» **EXERCISE BRIEF**
Retype the data that follows exactly. No pictures belong in the copy.

» **RECORDS FOR THE TASK**
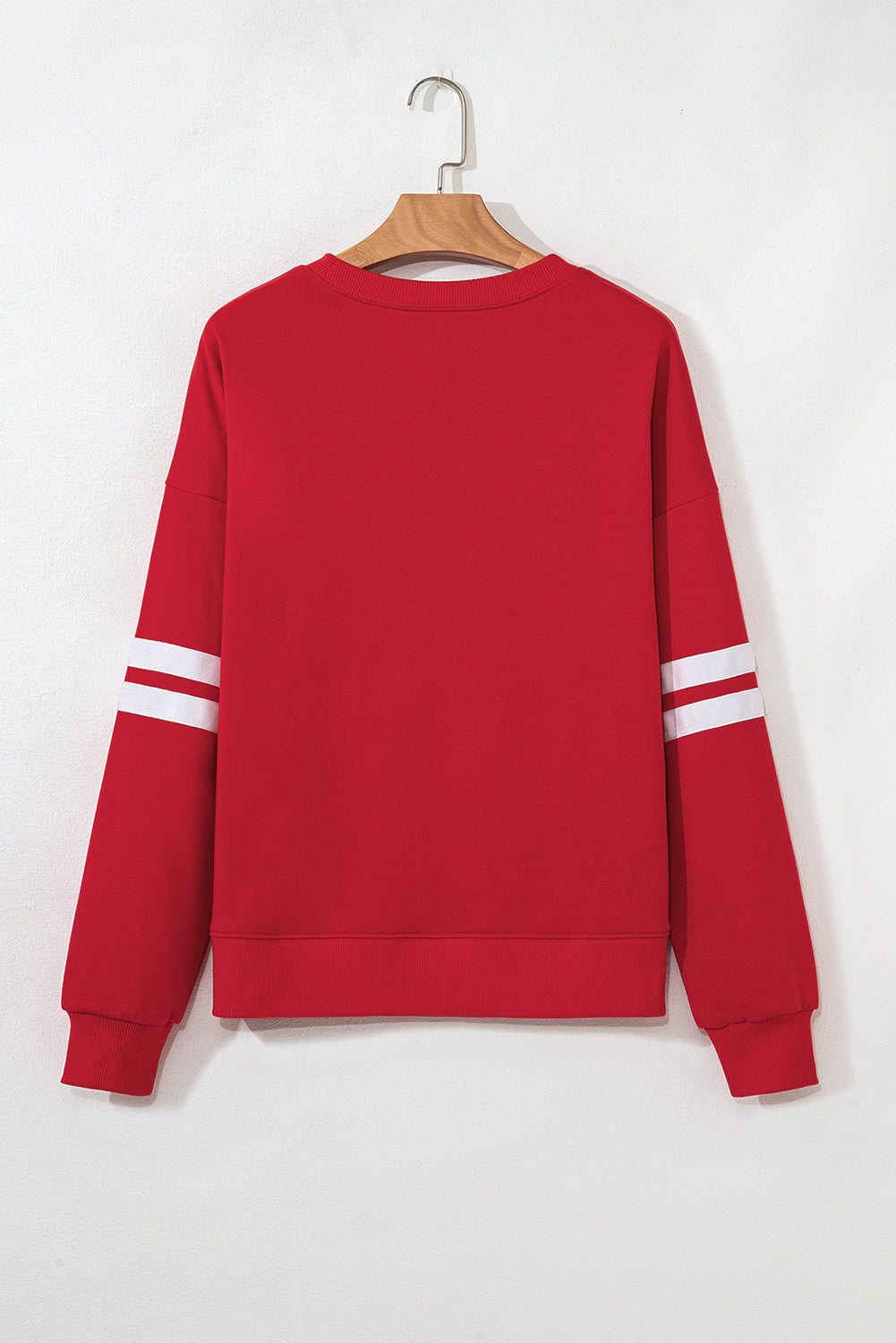 multiple colors Varsity Stripe Oversized Drop Shoulder Sweatshirt with varsity stripe details and an oversized drop-shoulder fit, boutique fashion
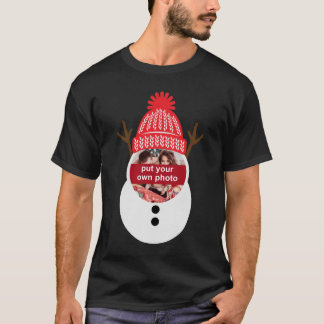 Custom Photo Snowman Christmas T-Shirt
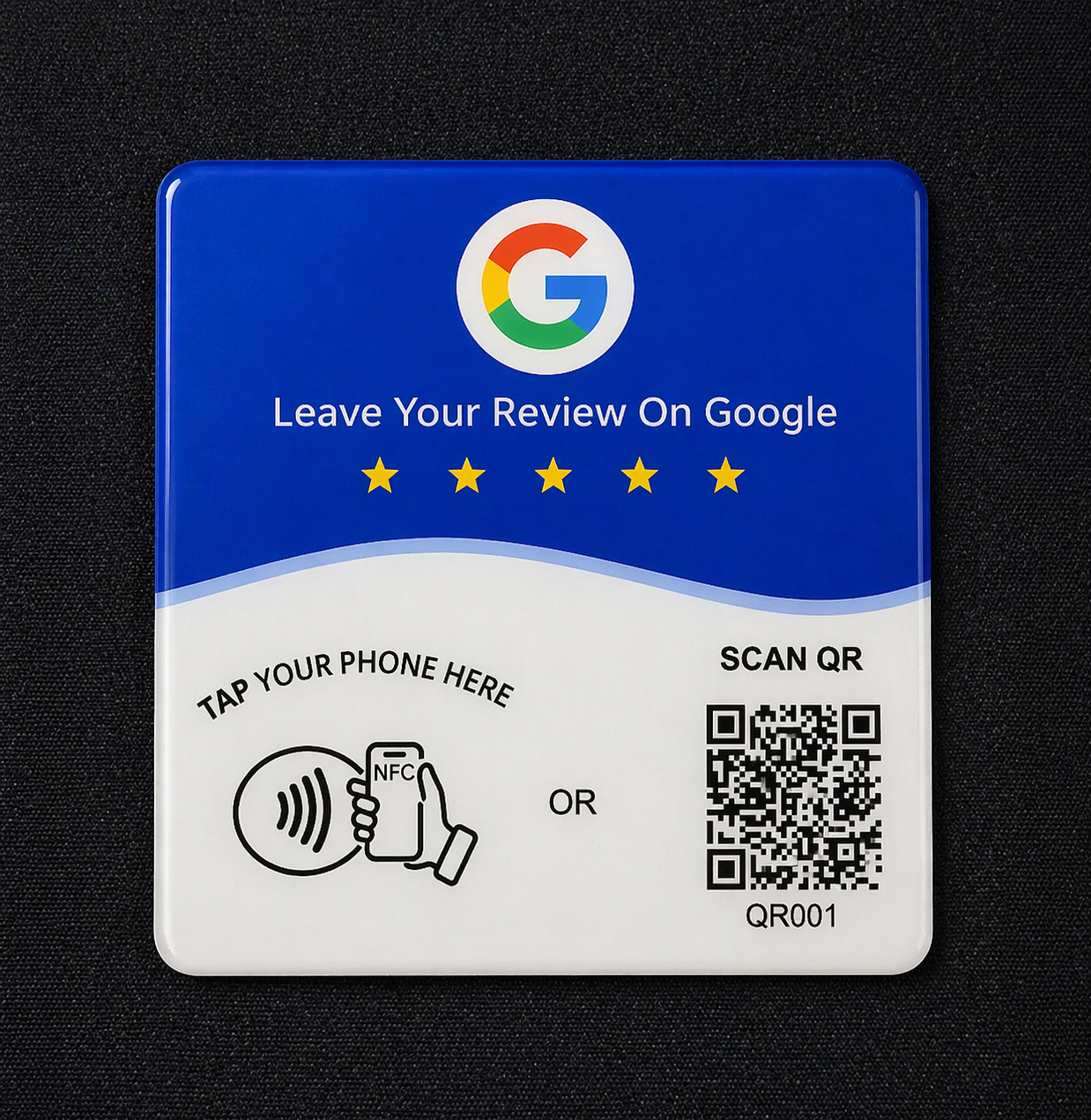 Google Reviews. Instagram  and WahtssApp NFC Tags.
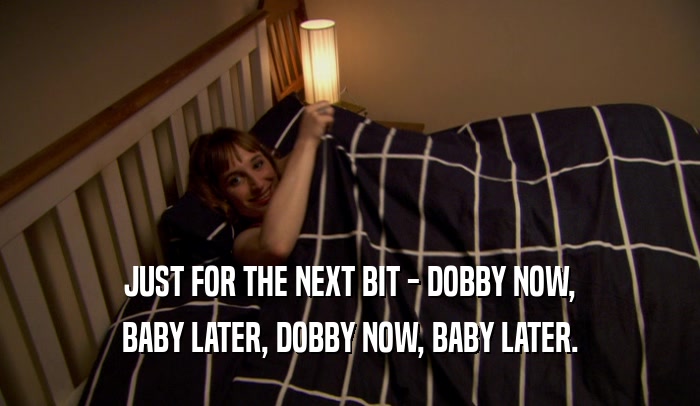 JUST FOR THE NEXT BIT - DOBBY NOW, BABY LATER, DOBBY NOW, BABY LATER. 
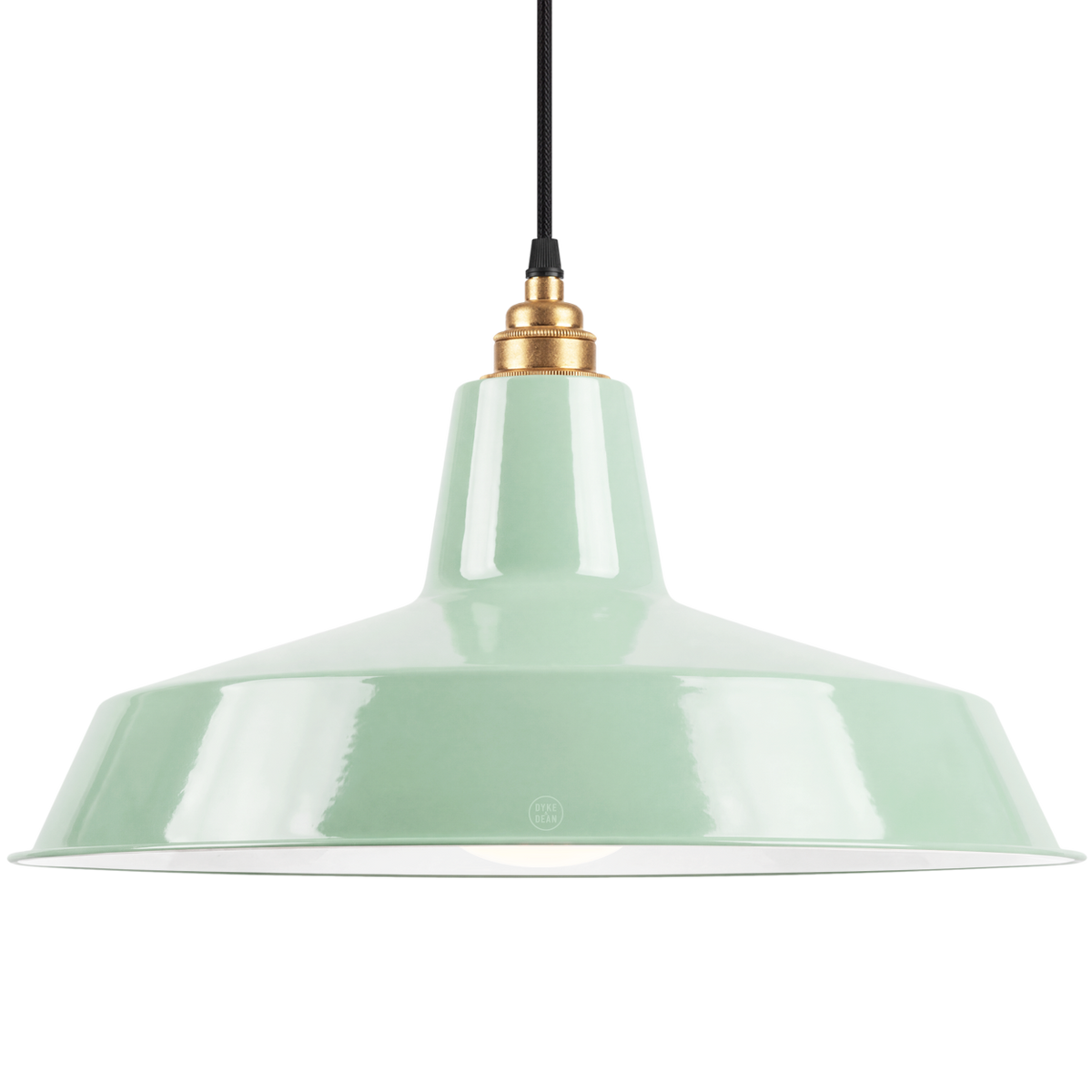 DYKE & DEAN PENDANT LAMPSHADE MINT GREEN WITH BULB HOLDER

» **ANSWER SPACE**
 multiple colors Varsity Stripe Oversized Drop Shoulder Sweatshirt with varsity stripe details and an oversized drop-shoulder fit, boutique fashion
 Custom Photo Snowman Christmas T-Shirt
 Google Reviews. Instagram  and WahtssApp NFC Tags.
 JUST FOR THE NEXT BIT - DOBBY NOW, BABY LATER, DOBBY NOW, BABY LATER. 
 DYKE & DEAN PENDANT LAMPSHADE MINT GREEN WITH BULB HOLDER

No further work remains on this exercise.